The Italian Way per un Pniec realistico e non velleitario

Se questa è la linea (a quanto pare ferreamente antitetica a quella prodotta dal precedente esecutivo), e in attesa del conforto di dati attinenti, si può intanto definire qualche certezza. Quando esisterà, la nuova proposta italiana andrà al vaglio dell’Europa e – particolare non irrisorio – sarà soggetta a Vas (Valutazione Ambientale Strategica). Delicata tempistica questa tra Ue e Vas; quest’ultima può tranquillamente cambiare quanto inviato a Bruxelles.

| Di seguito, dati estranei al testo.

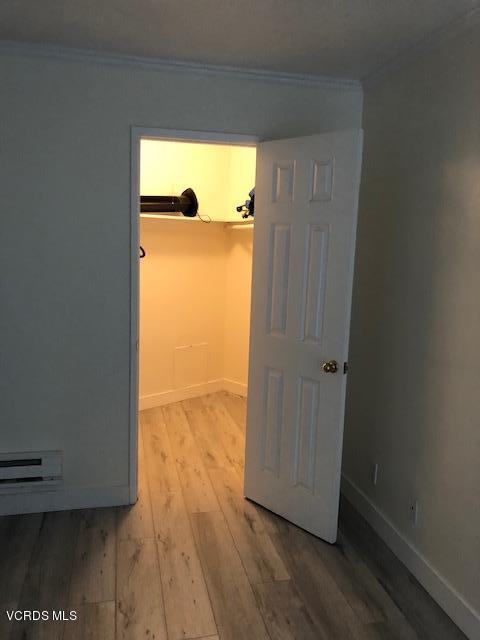 3101 Peninsula Road, Unit 104 Oxnard, CA 93035 - Photo 9 of 29 an empty room with wooden floor and windows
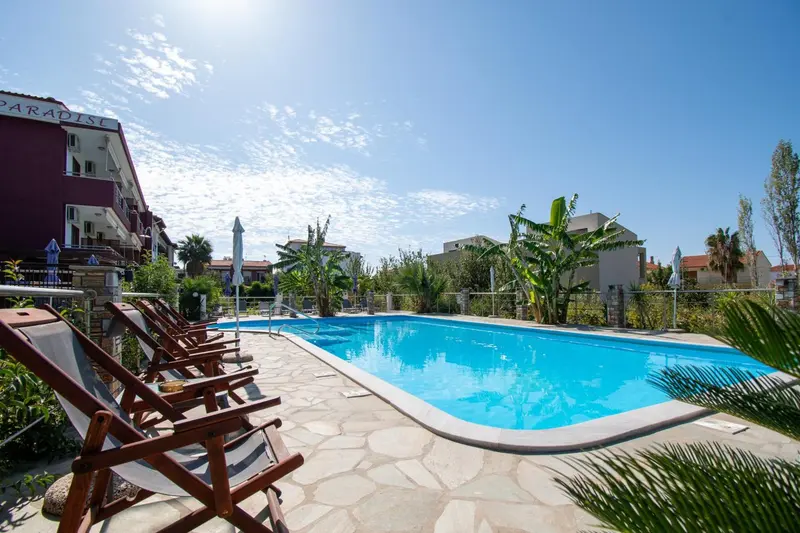 Transats alignés au bord d'une piscine turquoise dans un jardin soigné.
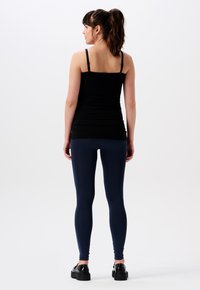 Svart tajt linne med tunna axelband, parat med navy leggings och svarta platåskor. Modellen vänder sig bort från kameran.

Oltre al Mase, inoltre, il nuovo Pniec sarà elaborato con il supporto operativo del Gse, di Rse per la parte energetica, dell’Ispra per la parte ambientale, di Enea, di PoliTo e PoliMi per la parte della ricerca e innovazione. Non è tutto, però: per raggiungere gli obiettivi, al processo governato dal Mase contribuiranno altri dicasteri, dal ministero dell’Economia a quello delle Infrastrutture e Trasporti, da quelle di Imprese e Made in Italy a quello dell’Università e della Ricerca. Sarà istruttivo conoscere il singolo apporto di tanti protagonisti su energia e clima: modellizzazioni ed elaborati, certo, non mancheranno.

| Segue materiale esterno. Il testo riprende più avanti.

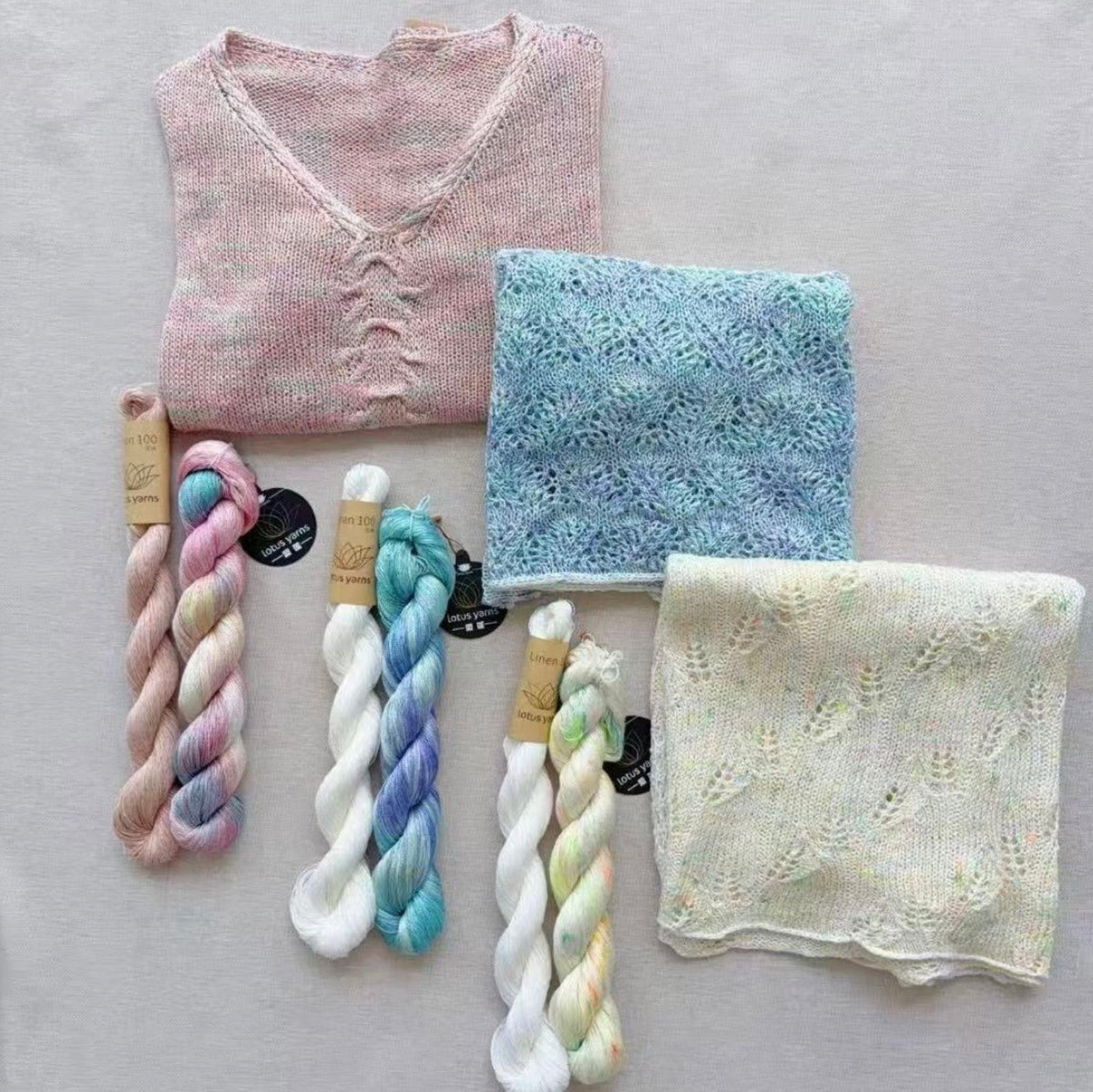 Knitted vest and two lace shawls laid flat with Lotus Yarns Linen 100 skeins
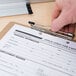 A hand using a Universal brown hardboard clipboard to fill out a paper form.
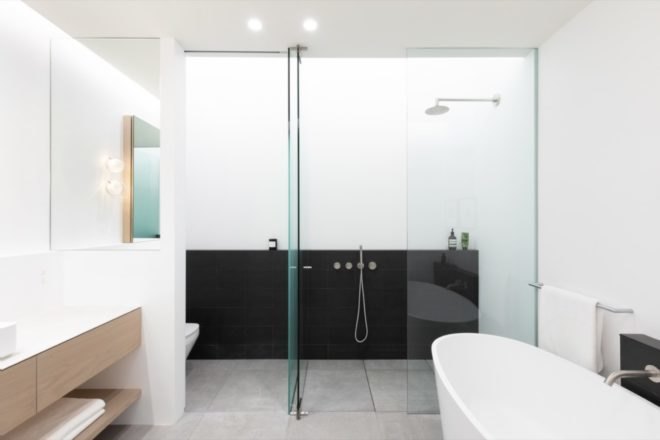 bathroom with standing tub and separate walk-in shower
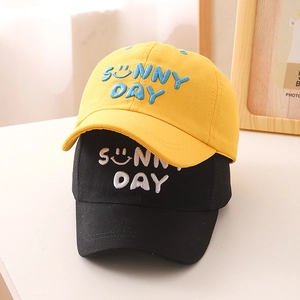 Detail of Sunny Day smile embroidery on breathable cotton yellow and black baseball caps
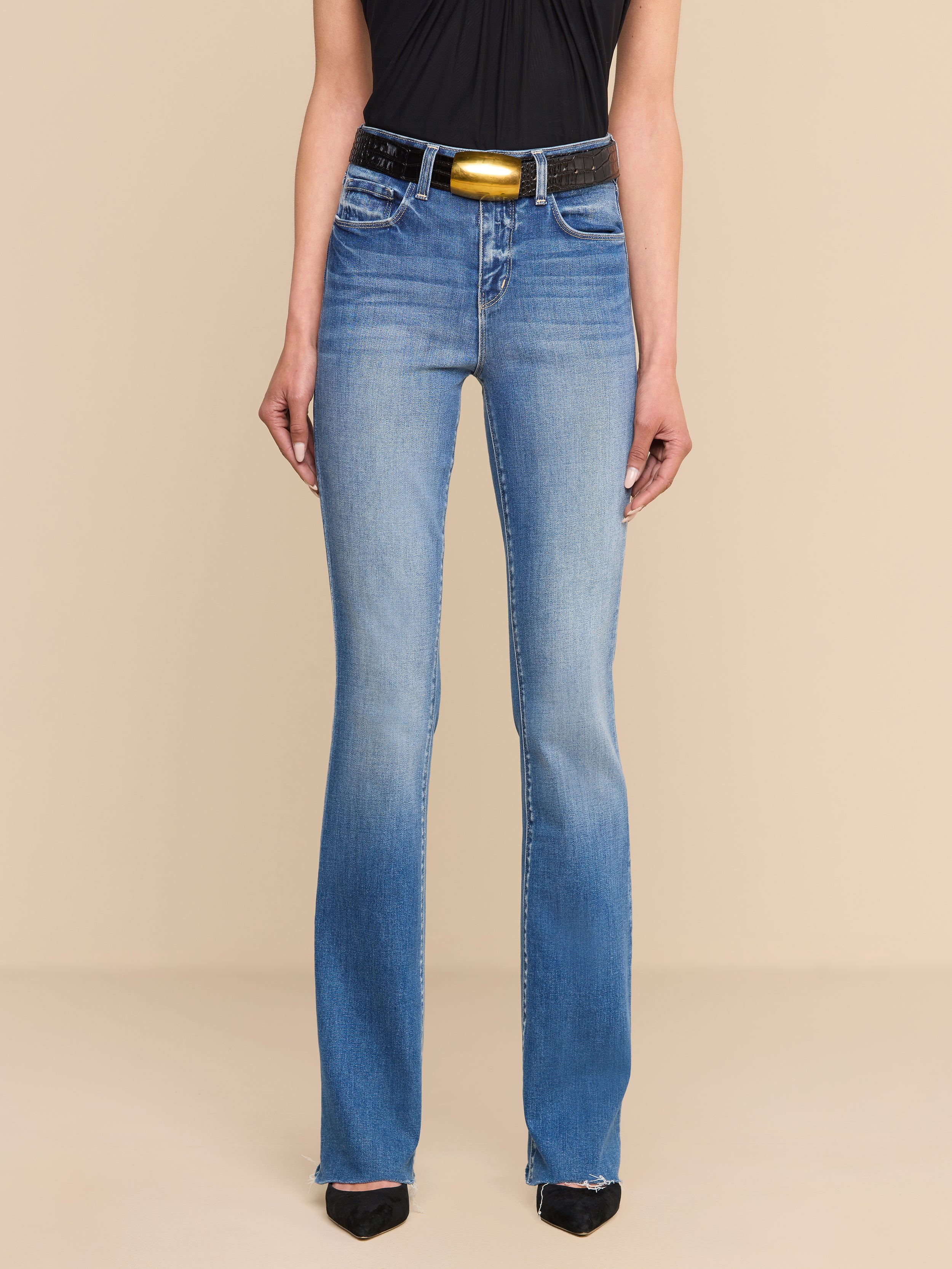 Person wearing Ruth Straight-Leg Jean in light blue—crafted from premium stretch denim—paired with a black sleeveless top, a black belt featuring a gold buckle, and black pointed shoes, standing against a plain white background.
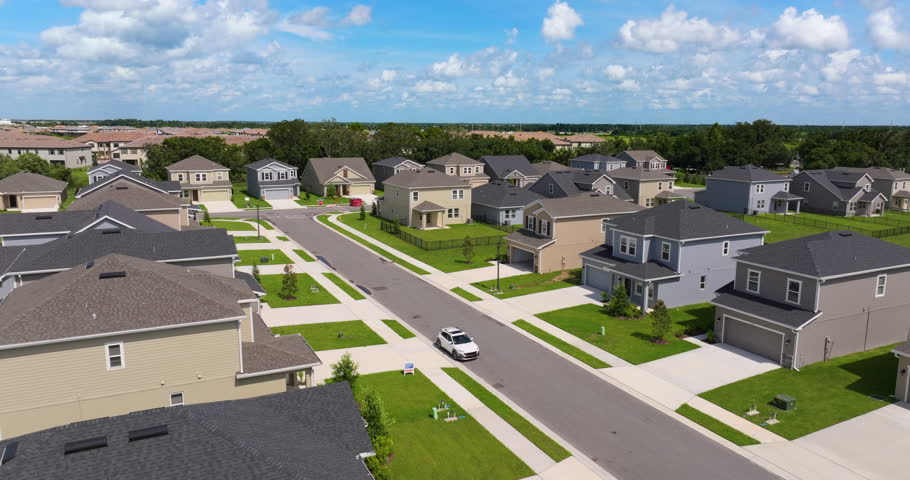 Large residential homes in southwest Florida gated community. American houses in rural US suburbs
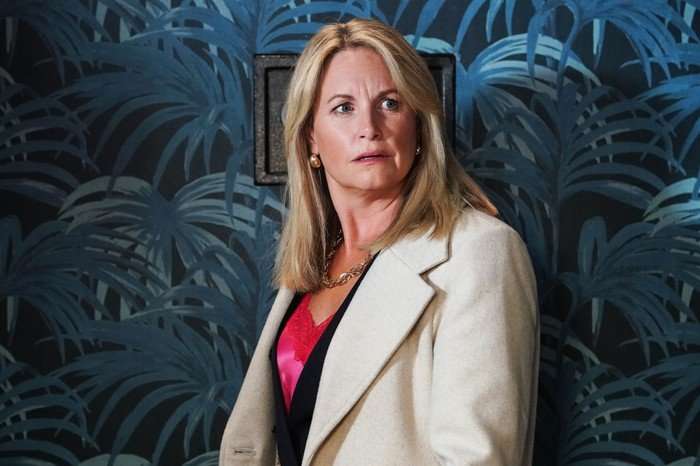 A shocked Sam Mitchell stands in a white coat against a blue wallpapered wall in EastEnders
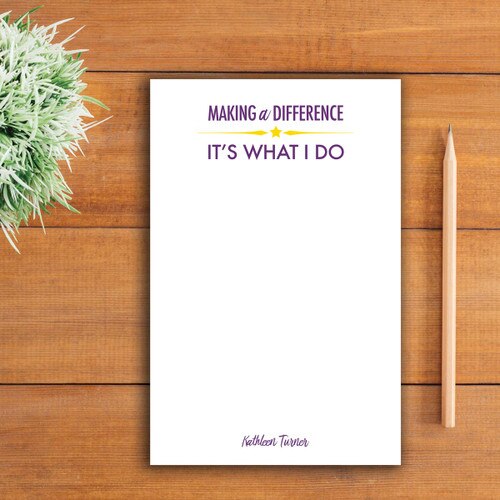 making a difference large notepad sitting on a table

Improbabile l’obiettivo di 6,5 milioni di auto elettriche nel 2030 e Pniec senza un euro

Per ora, accontentarsi della proposta quindi. Nell’attesa, comunque, c’è chi si è già espresso sull’odierna “fase di drafting”. Solo un paio di esempi. «L’obiettivo (raccontato dal ministro Pichetto Fratin, ndr) di 6,5 milioni di auto elettriche al 2030, contro le 300mila attuali, per noi è altamente improbabile»: e «noi» sta per Gianni Murano, neopresidente dell’Unem, Associazione dei petrolieri italiani.

«Un’ora fa – dice il 3 luglio il direttore scientifico Asvis, Enrico Giovannini – il governo ha trasmesso, all’ultimo momento possibile, il Pniec. Anche se fosse il piano migliore al mondo, non ha un euro di finanziamento, così rischia di restare un pezzo di carta. In questo momento in cui il governo dice di voler modificare il Pnrr, forse si potrebbe cogliere l’occasione per dare forza al Pniec che non ha fondi».

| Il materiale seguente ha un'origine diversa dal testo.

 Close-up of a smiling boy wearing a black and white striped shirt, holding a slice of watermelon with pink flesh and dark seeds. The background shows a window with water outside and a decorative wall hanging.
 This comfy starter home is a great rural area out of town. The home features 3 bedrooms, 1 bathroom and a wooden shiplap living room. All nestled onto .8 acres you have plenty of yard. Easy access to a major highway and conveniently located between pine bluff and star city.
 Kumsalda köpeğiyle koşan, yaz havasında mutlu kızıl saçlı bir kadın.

La non proposta antismog: smart working e short week

Fortunatamente, il “draft” raccontato dal ministro punta i riflettori anche sullo smog. Peccato però che non proponga. «Non è una proposta – precisa Pichetto Fratin – ma le ipotesi che prevede il Pniec». Ovvero? «Bisogna intervenire con meccanismi che facciano in modo di diminuire il traffico a motore che genera polveri sottili». Impeccabile. Nel merito, il ministro detta la sua formula: «Valutare, a parità di ore, organizzazioni di lavoro diverso; questo fa parte poi delle contrattazioni». Certo: anche solo nel campo delle ipotesi, esistono ancora i sindacati.